Bank Guarantees
A bank guarantee means that if someone else (like a borrower) does not pay back their debt, you, as the guarantor, will be responsible for paying it. This includes not only the debt itself but also any interest and other costs. In other words, if the borrower can’t pay, you will step in and cover the amount owed.
Bank guarantees are often used when buying a business, equipment, or property, such as helping your children get a home loan (often called the “mum and dad bank”). While these arrangements are becoming more popular, they do come with significant risks. The Lender wants to ensure that any guarantor is aware of the implications of the document they are signing and, for this, they will often require a Solicitors’ Certificate confirming same.
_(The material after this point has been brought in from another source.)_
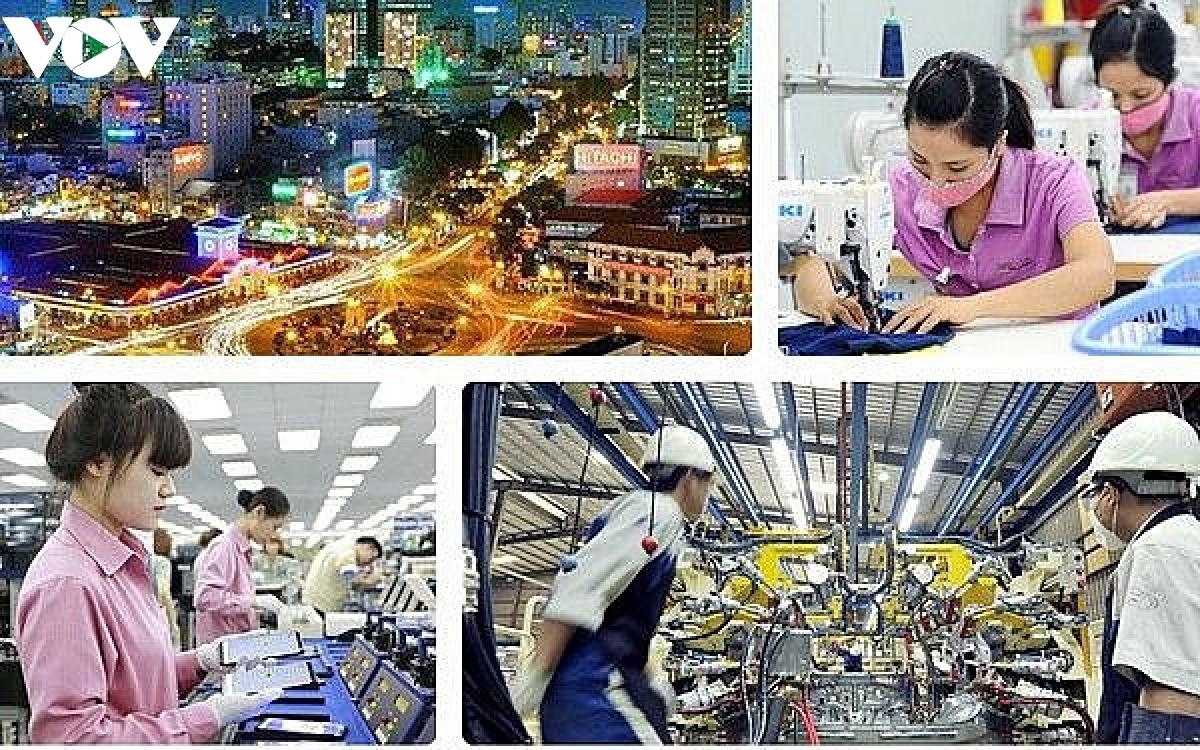 Tổng mức bán lẻ hàng hóa và doanh thu dịch vụ ở Hà Nội tháng 10 tăng 60%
Beaumaris Lawyers and Conveyancers frequently provide fixed-price Solicitors’ Certificates for bank guarantees, ensuring a quick and straightforward process at a competitive cost. We will explain the terms of the document and what it may mean to you as a guarantor.
What is a bank guarantor?
A bank guarantor is a person or entity (like a bank) that promises to pay a debt or fulfill an obligation if the borrower (the person or business taking the loan or credit) fails to do so.
Here’s what a guarantor does:
- Provides Assurance: The guarantor acts as a backup or safety net for the lender. If the borrower cannot repay the loan or meet the terms of an agreement, the guarantor is legally obligated to step in and pay the debt or cover the costs.
- Increases Trust: Having a guarantor makes it more likely for the lender to approve a loan or extend credit, as it reduces their risk. It shows that someone else trusts the borrower enough to take responsibility if things go wrong.
- Types of Guarantors:
- Personal Guarantor: An individual, such as a friend or family member, who agrees to take on this responsibility.
- Bank Guarantor: A financial institution that provides a formal guarantee, often used in business transactions.
In essence, a guarantor provides a level of security to the lender, ensuring that the debt will be paid, one way or another.